→ Your task
Send back the records in full, character for character.

* * * *

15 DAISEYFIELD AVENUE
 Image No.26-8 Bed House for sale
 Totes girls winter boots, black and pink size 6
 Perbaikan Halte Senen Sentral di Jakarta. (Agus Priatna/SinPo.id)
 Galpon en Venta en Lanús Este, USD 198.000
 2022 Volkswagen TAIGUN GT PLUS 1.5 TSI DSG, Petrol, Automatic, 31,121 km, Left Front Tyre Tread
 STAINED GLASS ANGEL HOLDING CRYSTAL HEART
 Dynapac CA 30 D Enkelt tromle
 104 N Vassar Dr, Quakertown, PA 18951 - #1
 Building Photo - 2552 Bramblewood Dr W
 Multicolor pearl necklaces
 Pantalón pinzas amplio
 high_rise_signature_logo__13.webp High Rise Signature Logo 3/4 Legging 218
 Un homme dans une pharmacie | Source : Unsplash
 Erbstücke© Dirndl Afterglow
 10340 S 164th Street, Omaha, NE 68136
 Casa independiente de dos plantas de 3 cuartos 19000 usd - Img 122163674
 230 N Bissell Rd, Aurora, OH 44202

* * * *

→ Response below
15 DAISEYFIELD AVENUE
 Image No.26-8 Bed House for sale
 Totes girls winter boots, black and pink size 6
 Perbaikan Halte Senen Sentral di Jakarta. (Agus Priatna/SinPo.id)
 Galpon en Venta en Lanús Este, USD 198.000
 2022 Volkswagen TAIGUN GT PLUS 1.5 TSI DSG, Petrol, Automatic, 31,121 km, Left Front Tyre Tread
 STAINED GLASS ANGEL HOLDING CRYSTAL HEART
 Dynapac CA 30 D Enkelt tromle
 104 N Vassar Dr, Quakertown, PA 18951 - #1
 Building Photo - 2552 Bramblewood Dr W
 Multicolor pearl necklaces
 Pantalón pinzas amplio
 high_rise_signature_logo__13.webp High Rise Signature Logo 3/4 Legging 218
 Un homme dans une pharmacie | Source : Unsplash
 Erbstücke© Dirndl Afterglow
 10340 S 164th Street, Omaha, NE 68136
 Casa independiente de dos plantas de 3 cuartos 19000 usd - Img 122163674
 230 N Bissell Rd, Aurora, OH 44202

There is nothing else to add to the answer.